Hiç sahte altın gördünüz mü? Görmediyseniz de ne olduğunu biliyorsunuzdur. Aslında altın olmadığı altın süsü verilmiş görünüşüyle rengiyle tıpkı altına benzeyen başka bir ucuz madendir.
Bir de altının ayarları vardır. mesela 24 ayar, 22 ayar, 18 ayar, 14 ayar, 8 ayar altın vardır. Bunlar da altının içindeki karışımı bildirirler. Altın işiyle uğraşanlar mihenk taşı denilen aygıtla altının ayarını bilebilirler.
Altının ayarı
Mesela 24 ayar saf altındır. 22 ayarın içinde biraz bakır karışımı vardır. 18 ayarın karışımı daha fazla, 8 ayarda ise karışım oldukça fazladır.
Altının ayarı düştükçe fiyatı da düşer tabii ki. Çünkü içindeki ucuz madenler fazlalaşmış, altın madeni azalmıştır.
Peki, ayarı düşük altına sahte altın diyebilir miyiz?
Diyemeyiz ama hakiki altın (saf altın) da diyemeyiz.
Ne diyebiliriz?
Değeri düşük altın diyebiliriz.
Altın gibidir
Teşbihte hata olmazsa müminleri de altına benzetebiliriz.
Kur’an-ı Kerimi ve Peygamberimizin sünnetini de mihenk taşına benzetebiliriz.

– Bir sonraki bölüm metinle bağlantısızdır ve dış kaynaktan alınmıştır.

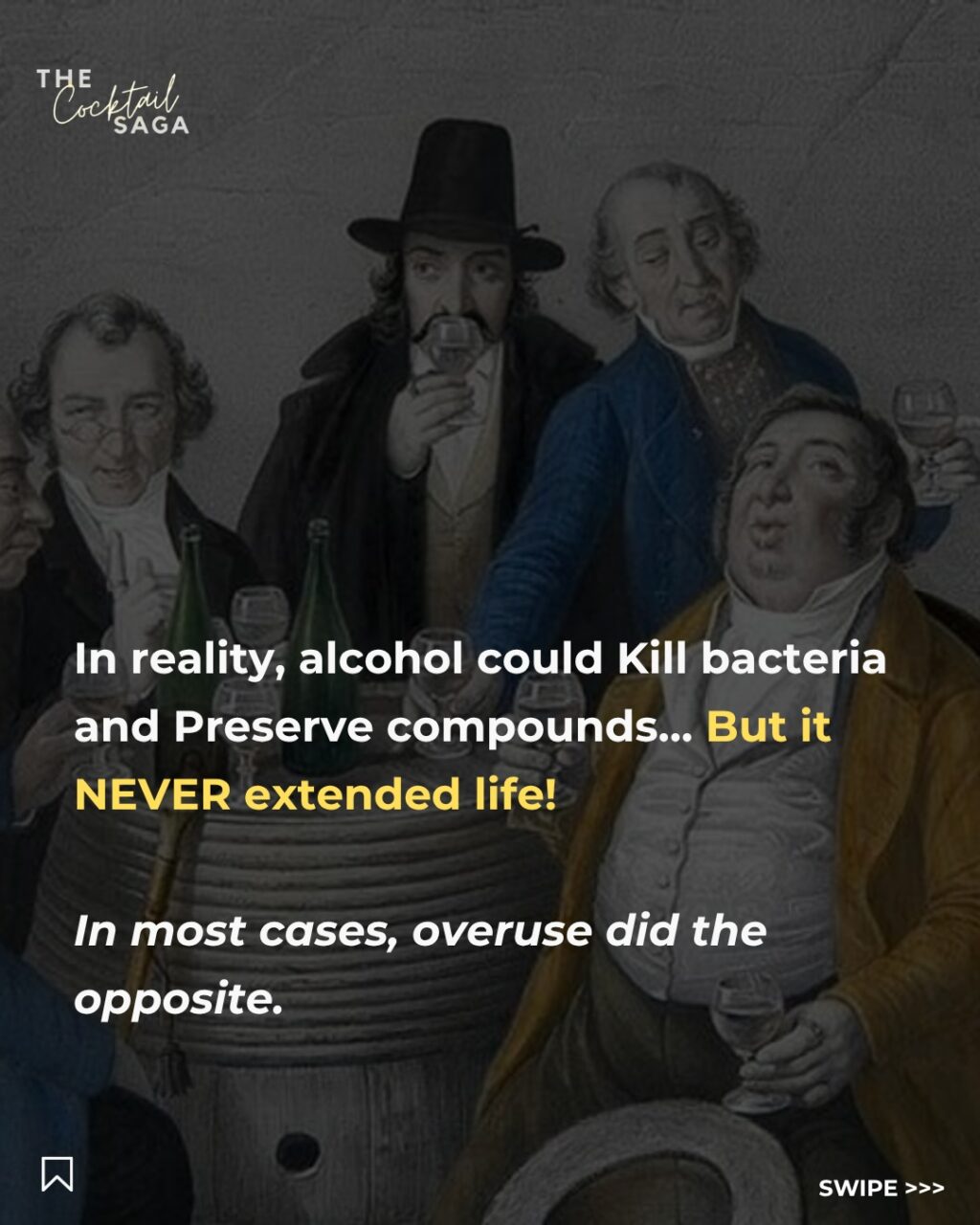 Instagram post from thecocktailsaga. This post is in position 5.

Bir müminde bulunması gereken davranışları altın elementine, bulunmaması gereken davranışları da maddi açıdan değersiz madenlere benzetelim.
Bir kimse Müslümanım dediği halde (görünüş, kılık-kıyafet olarak iyi bir Müslümana benzese bile) müminde bulunması gereken inanç ve davranışlar yoksa bu kişi sahte altına benzer.

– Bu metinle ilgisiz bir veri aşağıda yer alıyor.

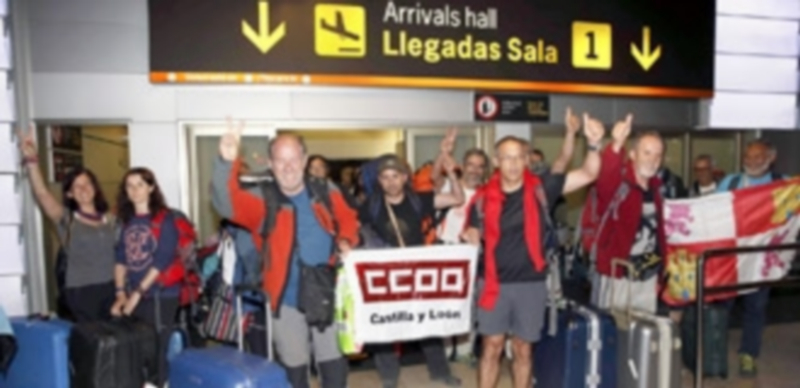 Las segovianas Pepa Santos y Begoña Gómez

Bir Müslümanın tüm davranışları Kur’ana uygunsa, Peygamberimizin öğretilerine uygunsa o kişi Allah Teala katında çok değerlidir. Böyle kişiler “müttaki” müminlerdendir. Bunlar Rabbimizin has kullarındandır. Allah Teala’nın sevdiği kullardandır. Bunları saf (24 ayar) altına benzetebiliriz.
Düşük ayar
Fakat bir müminin davranışlarının bir kısmı dinimize uygun bir kısmı değilse; o da içine bakır karıştırılarak ayarı düşürülmüş altın gibidir. Bu kişiye mümin değildir diyemeyiz fakat bazı davranışları Müslümanca değildir. Bunlar günahkar müminlerdendir. Bunların Allah katındaki değeri birinci gruptakiler kadar değildir.
Üçüncü grupta ise mümin olduğunu iddia etmelerine rağmen inanç ve davranışları İslam’a uymayan kişiler vardır. Bunlar görüntü olarak altına benzediği halde içerik olarak altın elementiyle alakası olmayan madenler gibidir. Bu tür sahte altınların insanlar nezdinde değeri olmadığı gibi; bu tür kişilerin de Allah katında değeri yoktur.

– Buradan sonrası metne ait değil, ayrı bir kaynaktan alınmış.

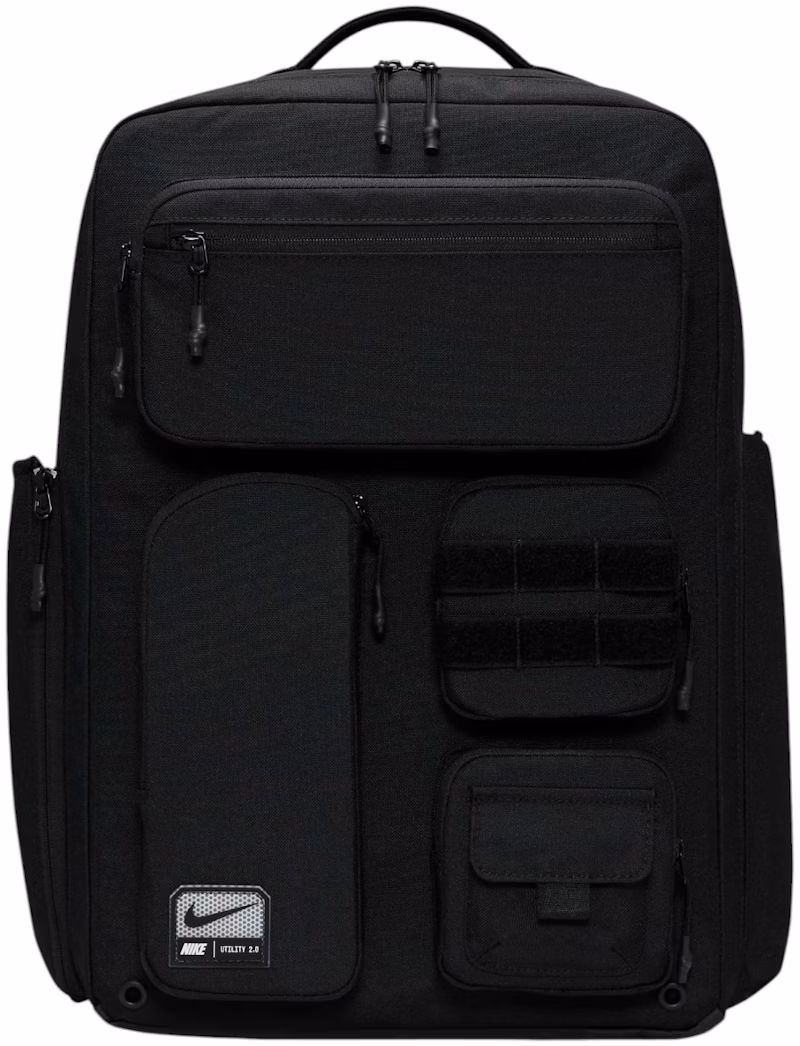 Nike Utility Elite 37L Backpack Black/Black/White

Bunlar görüntü olarak Müslümana benzedikleri, dilleriyle de iman iddiasında bulundukları halde içerik olarak İslam’la alakası olmayan, insanları kandırmak isteyen sahtekarlardır. Bunlara dinimizin literatüründe münafık denir.
Sevgili Peygamberimiz münafıklar ile ilgili şöyle buyurmuşlardır:
“Münafığın belirtisi üçtür:
Konuştuğunda yalan söyler.
Söz verince sözünden döner.
Kendisine bir şey emanet edildiğinde ona hainlik eder.” (Buhârî, Îmân 24; Müslim, Îmân 107-108.)